⟨

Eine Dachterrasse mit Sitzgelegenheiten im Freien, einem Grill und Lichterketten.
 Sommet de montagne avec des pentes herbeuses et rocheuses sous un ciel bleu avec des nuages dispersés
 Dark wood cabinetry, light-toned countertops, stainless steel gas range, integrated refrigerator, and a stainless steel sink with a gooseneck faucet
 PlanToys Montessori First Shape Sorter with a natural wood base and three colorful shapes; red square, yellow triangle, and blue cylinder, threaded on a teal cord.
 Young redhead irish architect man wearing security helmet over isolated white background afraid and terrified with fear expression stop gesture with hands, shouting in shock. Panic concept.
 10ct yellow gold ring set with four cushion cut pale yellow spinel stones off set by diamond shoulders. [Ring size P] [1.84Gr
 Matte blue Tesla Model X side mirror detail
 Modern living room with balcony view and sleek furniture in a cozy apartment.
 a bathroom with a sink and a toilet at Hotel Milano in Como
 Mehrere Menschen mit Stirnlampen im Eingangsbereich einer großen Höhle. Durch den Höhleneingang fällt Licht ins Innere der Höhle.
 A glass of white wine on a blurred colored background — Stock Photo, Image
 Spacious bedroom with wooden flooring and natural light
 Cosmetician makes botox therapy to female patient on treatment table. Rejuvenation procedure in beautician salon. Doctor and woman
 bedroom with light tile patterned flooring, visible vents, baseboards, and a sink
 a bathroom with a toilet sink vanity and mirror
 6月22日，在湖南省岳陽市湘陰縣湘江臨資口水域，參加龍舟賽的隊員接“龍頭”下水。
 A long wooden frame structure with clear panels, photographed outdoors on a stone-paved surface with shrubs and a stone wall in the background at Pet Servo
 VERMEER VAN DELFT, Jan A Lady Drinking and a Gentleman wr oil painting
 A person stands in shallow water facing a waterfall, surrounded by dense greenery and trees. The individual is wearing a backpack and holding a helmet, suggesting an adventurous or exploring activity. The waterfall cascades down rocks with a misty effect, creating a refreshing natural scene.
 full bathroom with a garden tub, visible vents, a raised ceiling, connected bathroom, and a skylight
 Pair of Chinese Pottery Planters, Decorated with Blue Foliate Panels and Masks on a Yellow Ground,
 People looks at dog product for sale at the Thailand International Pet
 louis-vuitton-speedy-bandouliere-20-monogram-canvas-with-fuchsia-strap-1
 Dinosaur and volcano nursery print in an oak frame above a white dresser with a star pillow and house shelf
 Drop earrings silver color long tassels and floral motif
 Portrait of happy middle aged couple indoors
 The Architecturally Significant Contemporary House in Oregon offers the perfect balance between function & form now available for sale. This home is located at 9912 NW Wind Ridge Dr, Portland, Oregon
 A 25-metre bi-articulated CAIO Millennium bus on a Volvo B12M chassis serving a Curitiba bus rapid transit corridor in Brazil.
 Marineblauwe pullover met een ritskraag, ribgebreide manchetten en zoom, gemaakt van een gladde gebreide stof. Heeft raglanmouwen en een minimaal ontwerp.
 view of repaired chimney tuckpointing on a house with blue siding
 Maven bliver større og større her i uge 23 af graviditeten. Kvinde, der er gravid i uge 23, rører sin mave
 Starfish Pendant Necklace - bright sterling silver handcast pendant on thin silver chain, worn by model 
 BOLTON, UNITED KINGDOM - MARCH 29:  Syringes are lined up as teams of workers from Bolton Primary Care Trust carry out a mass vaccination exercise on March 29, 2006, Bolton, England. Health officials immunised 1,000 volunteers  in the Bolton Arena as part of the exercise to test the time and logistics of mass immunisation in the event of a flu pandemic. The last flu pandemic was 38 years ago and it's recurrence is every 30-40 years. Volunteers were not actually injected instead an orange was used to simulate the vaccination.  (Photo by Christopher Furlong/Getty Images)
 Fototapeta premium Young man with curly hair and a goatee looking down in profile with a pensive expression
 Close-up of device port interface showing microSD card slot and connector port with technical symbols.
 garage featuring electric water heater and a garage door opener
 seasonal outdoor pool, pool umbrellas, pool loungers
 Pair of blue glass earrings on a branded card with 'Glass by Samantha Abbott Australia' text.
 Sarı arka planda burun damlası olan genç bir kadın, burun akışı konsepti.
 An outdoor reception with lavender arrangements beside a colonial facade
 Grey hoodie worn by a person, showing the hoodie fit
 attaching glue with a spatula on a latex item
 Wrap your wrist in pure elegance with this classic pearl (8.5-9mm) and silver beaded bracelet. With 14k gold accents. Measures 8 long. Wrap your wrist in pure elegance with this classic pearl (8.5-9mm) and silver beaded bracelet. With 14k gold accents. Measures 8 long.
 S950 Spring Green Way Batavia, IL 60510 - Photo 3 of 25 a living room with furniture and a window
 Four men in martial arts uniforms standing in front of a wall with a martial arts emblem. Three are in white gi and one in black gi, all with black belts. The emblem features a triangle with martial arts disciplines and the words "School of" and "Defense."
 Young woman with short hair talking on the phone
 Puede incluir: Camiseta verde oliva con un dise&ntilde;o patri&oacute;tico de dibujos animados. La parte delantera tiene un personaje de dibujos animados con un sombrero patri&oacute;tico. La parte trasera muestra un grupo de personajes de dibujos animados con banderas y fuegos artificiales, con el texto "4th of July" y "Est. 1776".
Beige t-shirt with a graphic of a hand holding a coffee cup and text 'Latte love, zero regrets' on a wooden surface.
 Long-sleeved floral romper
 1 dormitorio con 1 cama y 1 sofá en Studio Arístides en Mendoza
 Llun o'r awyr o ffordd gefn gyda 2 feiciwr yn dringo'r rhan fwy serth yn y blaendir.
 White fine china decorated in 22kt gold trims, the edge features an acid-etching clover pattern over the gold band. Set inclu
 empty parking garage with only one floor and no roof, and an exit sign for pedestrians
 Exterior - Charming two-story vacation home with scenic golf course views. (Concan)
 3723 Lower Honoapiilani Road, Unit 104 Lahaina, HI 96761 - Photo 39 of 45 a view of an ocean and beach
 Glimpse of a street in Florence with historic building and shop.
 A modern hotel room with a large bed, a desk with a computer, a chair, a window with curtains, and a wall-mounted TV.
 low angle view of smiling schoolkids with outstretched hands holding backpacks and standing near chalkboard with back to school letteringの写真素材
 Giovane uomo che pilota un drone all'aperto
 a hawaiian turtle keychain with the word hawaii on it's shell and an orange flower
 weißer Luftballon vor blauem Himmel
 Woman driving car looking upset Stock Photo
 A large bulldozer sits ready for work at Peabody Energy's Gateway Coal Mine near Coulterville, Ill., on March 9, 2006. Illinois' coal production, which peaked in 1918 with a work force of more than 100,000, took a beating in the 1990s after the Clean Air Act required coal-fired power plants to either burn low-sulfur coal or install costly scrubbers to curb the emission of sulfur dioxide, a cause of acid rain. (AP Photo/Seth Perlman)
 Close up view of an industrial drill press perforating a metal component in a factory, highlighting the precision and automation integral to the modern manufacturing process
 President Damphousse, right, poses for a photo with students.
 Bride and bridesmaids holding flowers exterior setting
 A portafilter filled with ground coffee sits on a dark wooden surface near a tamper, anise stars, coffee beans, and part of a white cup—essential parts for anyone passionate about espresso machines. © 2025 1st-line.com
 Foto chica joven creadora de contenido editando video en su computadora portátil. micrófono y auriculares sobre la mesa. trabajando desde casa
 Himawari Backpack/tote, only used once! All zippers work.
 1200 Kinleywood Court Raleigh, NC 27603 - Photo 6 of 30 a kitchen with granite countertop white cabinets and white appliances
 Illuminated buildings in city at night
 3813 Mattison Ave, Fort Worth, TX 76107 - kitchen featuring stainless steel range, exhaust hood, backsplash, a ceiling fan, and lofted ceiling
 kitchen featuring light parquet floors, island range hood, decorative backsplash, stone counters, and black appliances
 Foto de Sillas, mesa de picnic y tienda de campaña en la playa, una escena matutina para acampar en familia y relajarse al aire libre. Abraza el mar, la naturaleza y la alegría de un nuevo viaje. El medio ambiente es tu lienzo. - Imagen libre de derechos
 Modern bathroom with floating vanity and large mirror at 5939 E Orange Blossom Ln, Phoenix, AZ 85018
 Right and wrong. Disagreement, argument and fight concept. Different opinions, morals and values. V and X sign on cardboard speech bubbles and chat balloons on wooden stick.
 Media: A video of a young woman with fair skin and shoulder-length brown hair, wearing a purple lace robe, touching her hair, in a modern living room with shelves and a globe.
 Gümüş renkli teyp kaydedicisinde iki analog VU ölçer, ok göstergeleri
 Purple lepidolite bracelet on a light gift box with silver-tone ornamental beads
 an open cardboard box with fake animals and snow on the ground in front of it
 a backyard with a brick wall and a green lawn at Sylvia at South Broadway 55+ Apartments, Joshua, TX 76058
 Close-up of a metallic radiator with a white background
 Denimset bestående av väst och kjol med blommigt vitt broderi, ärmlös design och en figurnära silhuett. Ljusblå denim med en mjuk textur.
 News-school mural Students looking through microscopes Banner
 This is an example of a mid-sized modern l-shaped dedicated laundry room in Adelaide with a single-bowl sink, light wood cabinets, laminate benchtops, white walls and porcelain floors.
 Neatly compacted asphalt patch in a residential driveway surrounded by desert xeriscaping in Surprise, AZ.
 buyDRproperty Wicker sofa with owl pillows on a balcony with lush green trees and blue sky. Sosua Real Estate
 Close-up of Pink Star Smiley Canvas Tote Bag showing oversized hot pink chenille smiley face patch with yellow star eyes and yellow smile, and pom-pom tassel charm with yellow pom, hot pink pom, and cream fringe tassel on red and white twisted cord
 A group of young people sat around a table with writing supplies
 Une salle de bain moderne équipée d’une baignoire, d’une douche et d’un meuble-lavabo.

⟩

(Work order) Among the entries, how many lines include the word "balcony"? Give only the number.

(Answer to the exercise) 2